One-Off

Poetry Speaks

From Victorian times to the present, the accent has shifted from elocution to oral interpretation

HUMANITIES, November/December 2010, Volume 31, Number 6

“Voice registers the weird sexiness of reading poetry, the illusion it enables of a private tryst between author and reader.” So says Lesley Wheeler, an English professor at Washington and Lee University, where she has had her students don Japanese garb and read original haiku aloud to try to get at the slippery concept of voice in poetry.

Voice is so vague, in fact, that handbooks of literary terms tend to avoid discussing it at all. But, still, whether poets and literary critics discuss voiced text or textual voice (the first having to do with the interpretation of a reader reading aloud and the second, with that of a reader reading silently), one thing is clear: Voice has transcendence and spiritual power.

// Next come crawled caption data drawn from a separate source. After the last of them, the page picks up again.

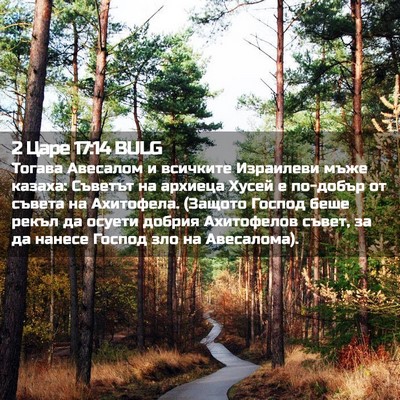 Picture 02 - 2 Царе 17:14 BULG - Тогава Авесалом и всичките - Bible Verse Picture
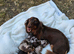 Minature daschund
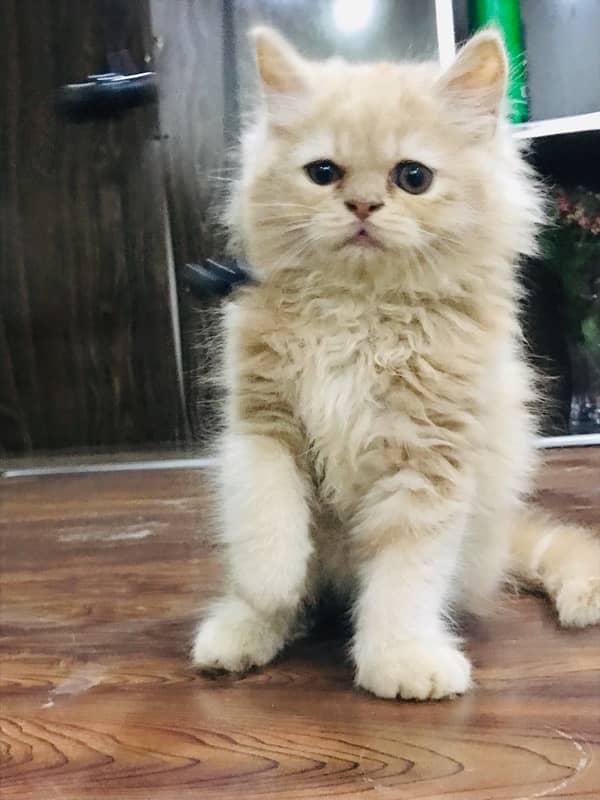 CASH ON DELIVERY(cute persian fawn kittens triple coat for sale 9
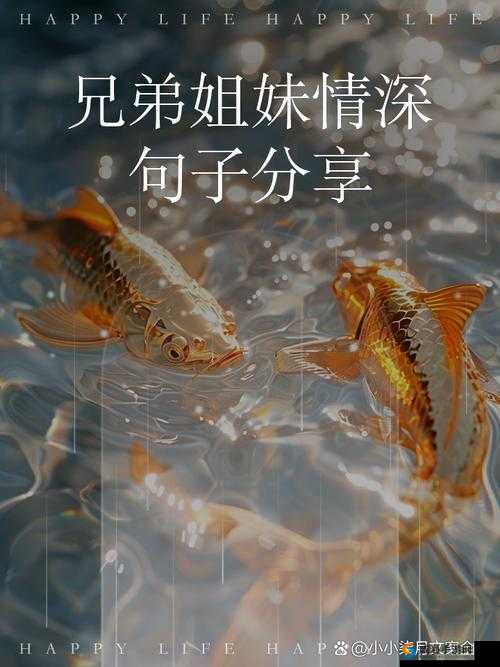 4ph 兄弟默契：一生的情谊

Wheeler’s NEH-funded Voicing American Poetry: Sound and Performance from the 1920s to the Present, published in 2008 by Cornell University, delves into voice as metaphor, medium, pedagogy and politics, and genre. Voice, then, as metaphor can mean for creative writing students the struggle to find their voice. As a medium it can mean, as it does to critic Denis Donoghue, restoring “the words to a source.” Donoghue, writes Wheeler, “values voice for its associations with community, stable meaning, and empowerment.” Speaking of empowerment, there’s the idea dear to many an underdog, that poetry’s greatest purpose is to give a voice to the disenfranchised. Additionally, T. S. Eliot weighed in on the matter in his famous essay “The Three Voices of Poetry,” in which he sees the first as “the voice of the poet talking to himself”; the second as a voice “addressing an audience” in dramatic monologue, one with “conscious social purpose”; and the third, one “in which,” Wheeler writes, “the poet is subsumed into characters.”

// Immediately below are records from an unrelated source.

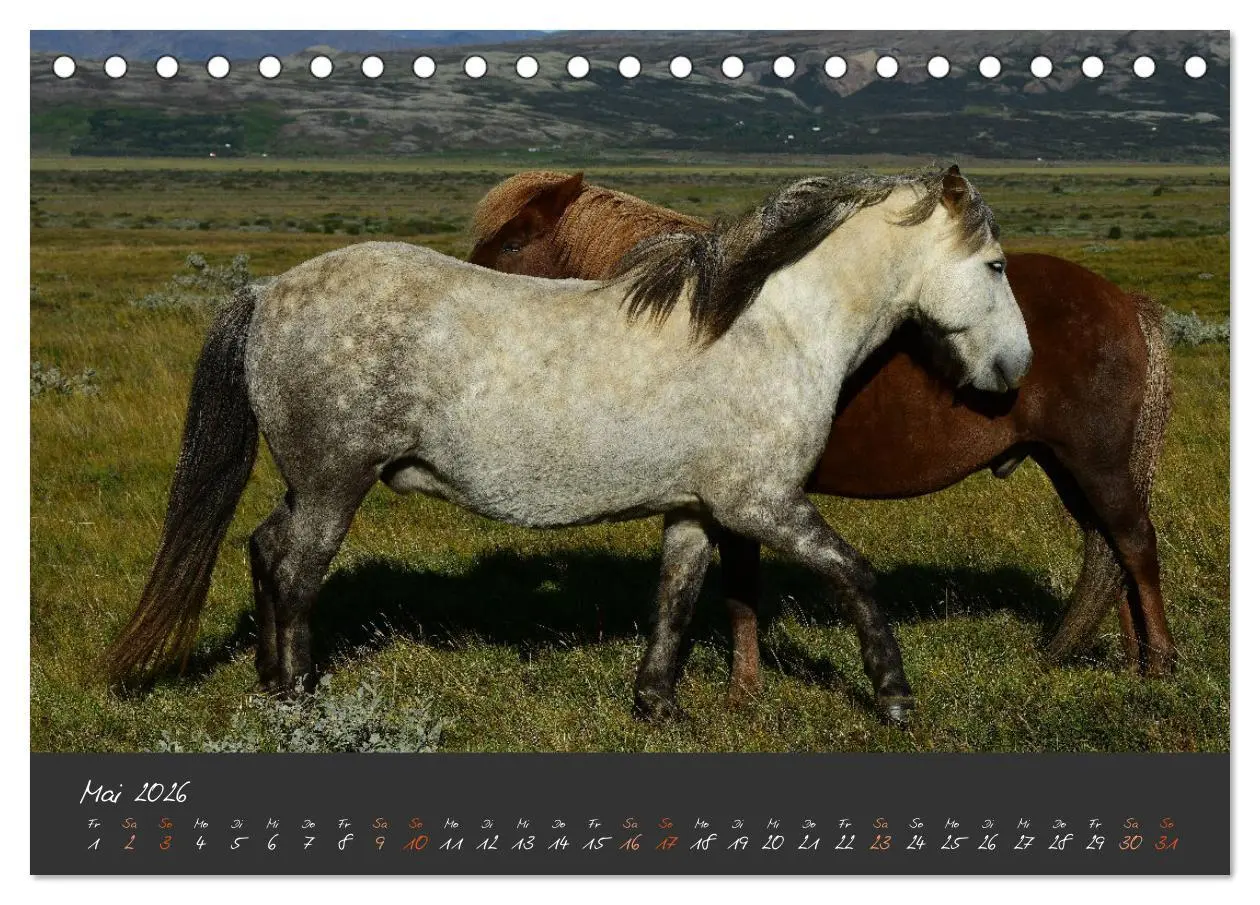 Bild: 9783457322277 | Islandpferde im Isi-Land (Tischkalender 2026 DIN A5 quer), CALVENDO...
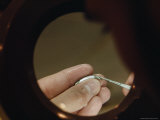 Buy Salmon Fry Released in the Oil Spill Cleanup Will be Studied for Effects and Contamination at AllPosters.com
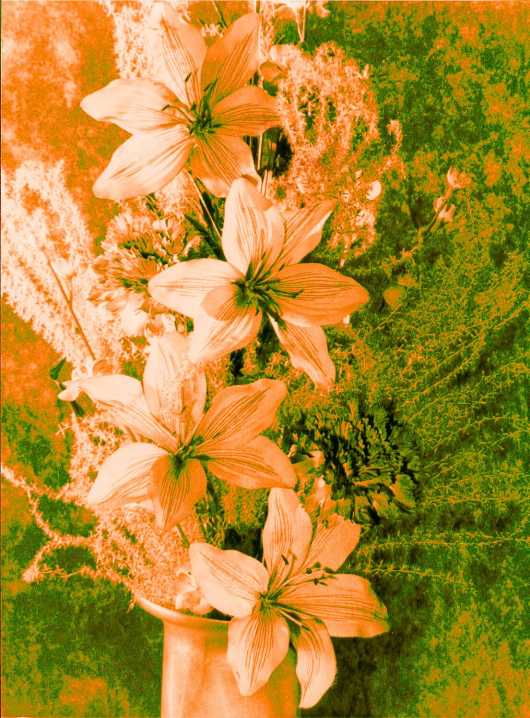 Bonaparte Napoleon Schilderijen, a Schilderijen Reproductie, we never sell Bonaparte Napoleon poster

Eliot himself was not one to shy away from voicing his own work. His recording of The Waste Land makes reading the classic of modernist poetry nearly impossible for anyone to read without hearing the voice of Thomas Stearns himself. Robert Frost, though, at least at first, “cowered” in a corner, as biographer and poet Jay Parini has described, while someone else read his poems aloud. This even seems to have been the fashion for a while: “Ambivalence and reclusion on the author’s part during such performances were normal,” writes Wheeler. Edna St. Vincent Millay and Langston Hughes, however, were both superstars of the spoken word in their day, Millay on the radio and Hughes on the lecture circuit.

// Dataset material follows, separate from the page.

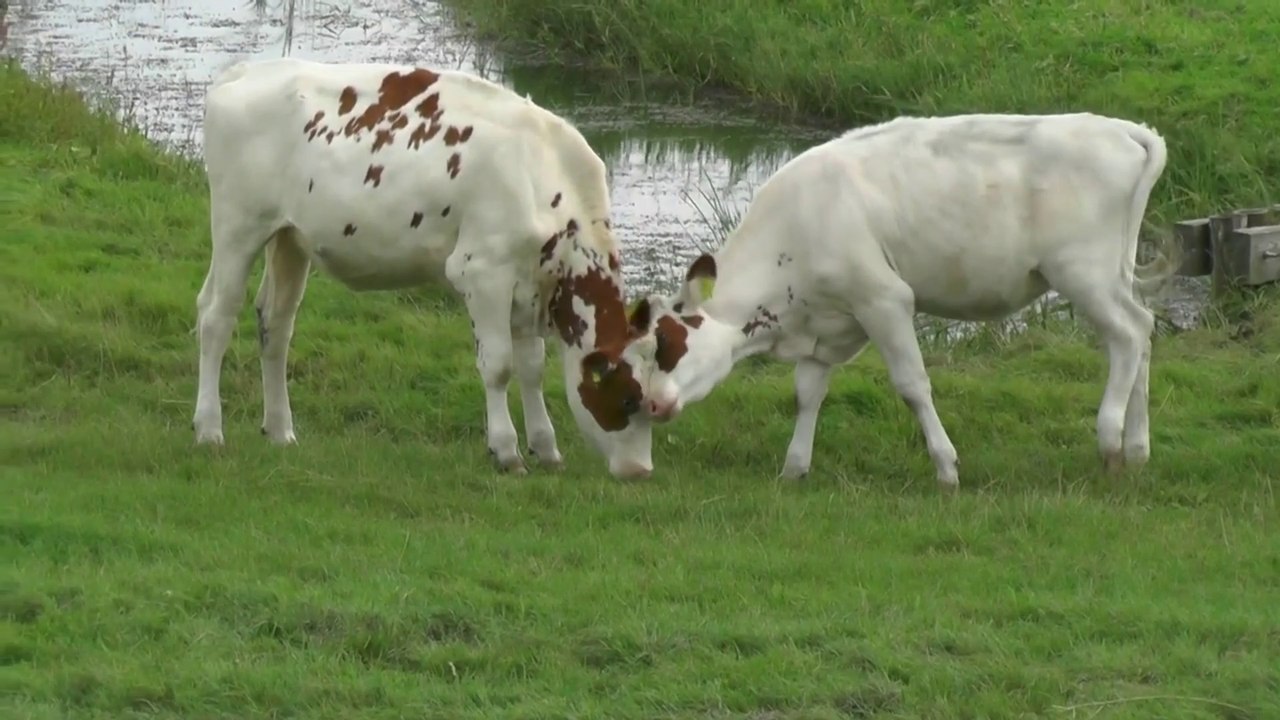 Cow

The popularity of national poetry competitions and slam festivals hearkens back to the nineteenth century’s love of similar events in schools, especially for choral readings. The movements that reading poetry aloud have undergone from Victorian times to our own have been much characterized by changing the accent from elocution to oral interpretation. In spite of theorists such as Jacques Derrida, who insists that we “understand writing as writing,” explains Wheeler, “and not a transcription of voice,” the vividness of what poetry conveys still seems to come down more to what readers hear on the page than what they see there.